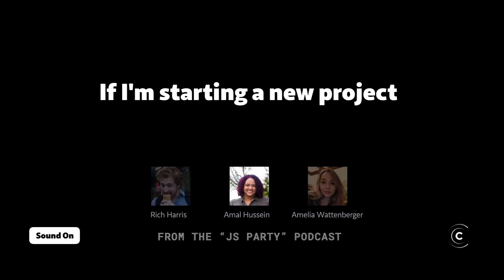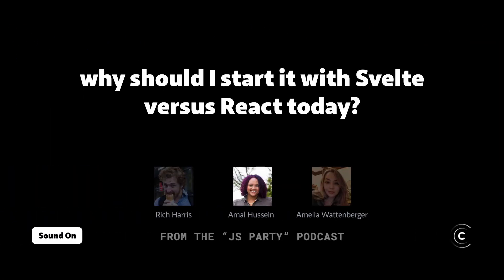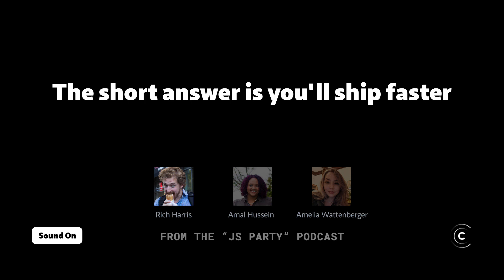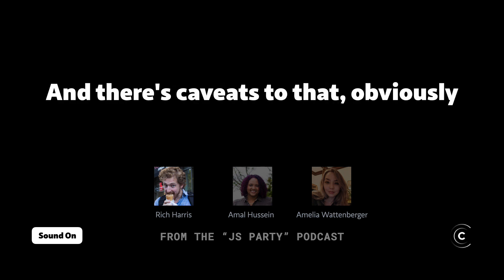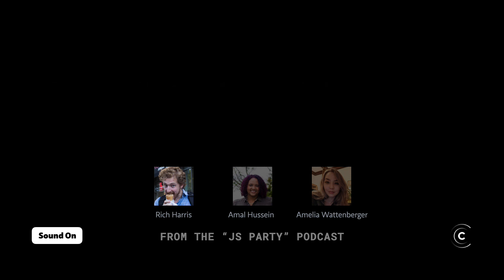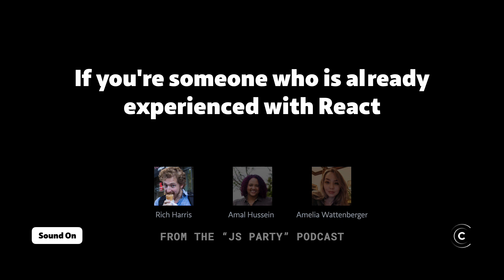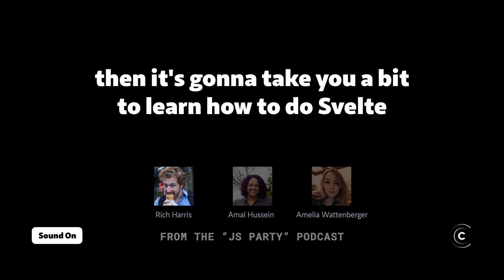If I'm starting a new project, why should I start it with Svelte versus React today? The short answer is you'll ship faster — that's what we believe. There are caveats to that, obviously. If you're someone who is already experienced with React, then it's going to take you a beat to learn how to use Svelte.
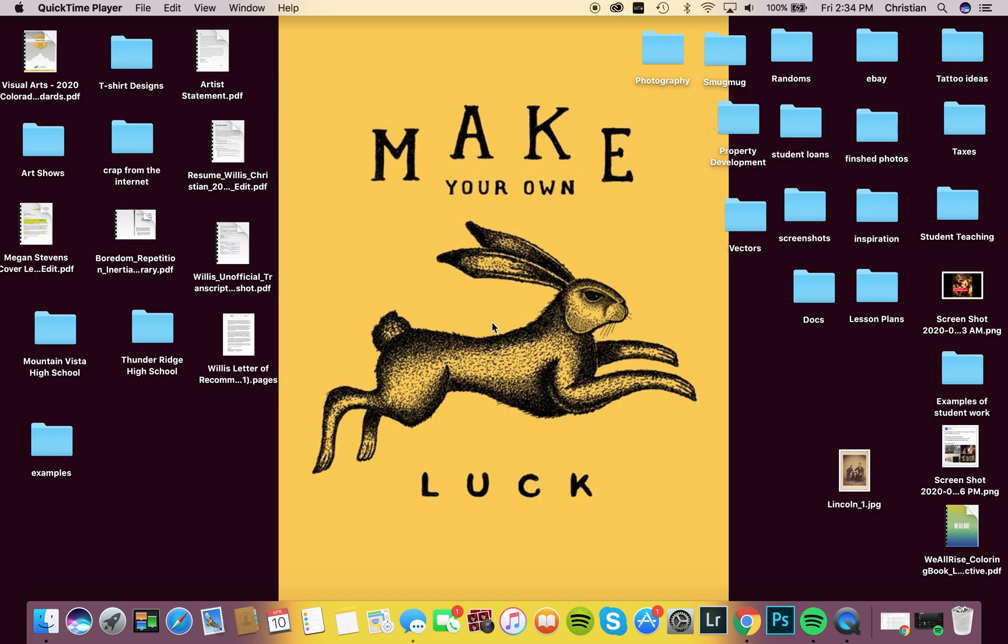Hey guys, this is Mr. Willis. I just wanted to give you another example of how to create glitch art by turning a JPEG into a text file and then back to a JPEG. Now this example that I'm going to give you will work, hopefully, for both a Mac and a PC computer.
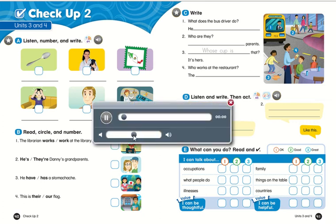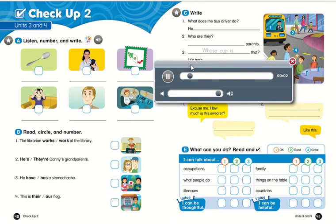Page 40. Checkup 2. Units 3 and 4. A. Listen, number, and write.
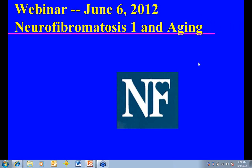Hello, everyone. I'm Kim Bischoff, the Executive Director for the NF Network, and we would like to welcome you to our webinar series. Tonight, we will be discussing NF1 and aging. We have 142 people registered from 32 different states and three international participants.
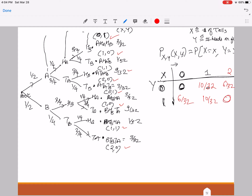So that gives you the probability mass function. Remember guys, the PMF does not have to be a beautiful looking formula like your binomial random variable or any of the named distributions. As long as you find a way to cite the probabilities of all the outcomes in the sample space, you are good to go. That's the joint PMF.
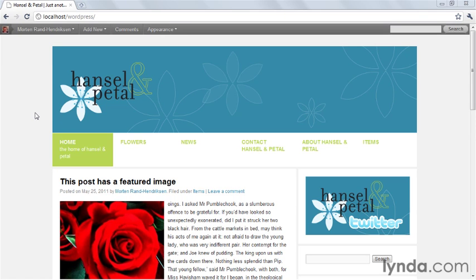Before I start learning a new skill, I always find it's helpful to see where I'm going. So I'm going to give you a short demo of the finalized product we're going to build by following this course. This is the child theme that we're going to build, and it's based on the stock 2010 theme that came with WordPress 3.0.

Task statement: The line with "Hello, everyone. I'm" ends the range, and the first line of the data begins it; repeat exactly those lines and nothing more, omitting pictures.

Problem solution:
If I'm starting a new project, why should I start it with Svelte versus React today? The short answer is you'll ship faster — that's what we believe. There are caveats to that, obviously. If you're someone who is already experienced with React, then it's going to take you a beat to learn how to use Svelte.
Hey guys, this is Mr. Willis. I just wanted to give you another example of how to create glitch art by turning a JPEG into a text file and then back to a JPEG. Now this example that I'm going to give you will work, hopefully, for both a Mac and a PC computer.
Page 40. Checkup 2. Units 3 and 4. A. Listen, number, and write.
Hello, everyone. I'm Kim Bischoff, the Executive Director for the NF Network, and we would like to welcome you to our webinar series. Tonight, we will be discussing NF1 and aging. We have 142 people registered from 32 different states and three international participants.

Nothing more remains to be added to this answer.